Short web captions
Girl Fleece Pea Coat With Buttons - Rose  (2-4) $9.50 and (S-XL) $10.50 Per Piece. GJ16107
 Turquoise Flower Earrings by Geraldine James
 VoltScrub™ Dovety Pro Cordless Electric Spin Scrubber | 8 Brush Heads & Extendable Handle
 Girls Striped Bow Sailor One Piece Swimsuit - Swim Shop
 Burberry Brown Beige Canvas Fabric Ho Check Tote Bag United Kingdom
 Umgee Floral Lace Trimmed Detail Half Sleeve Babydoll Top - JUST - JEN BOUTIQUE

**What the exercise asks:**
All lines from the one with "Burberry Brown Beige" to the end of the entries above are to be written out exactly, the first and last included.

**Task answer:**
 Burberry Brown Beige Canvas Fabric Ho Check Tote Bag United Kingdom
 Umgee Floral Lace Trimmed Detail Half Sleeve Babydoll Top - JUST - JEN BOUTIQUE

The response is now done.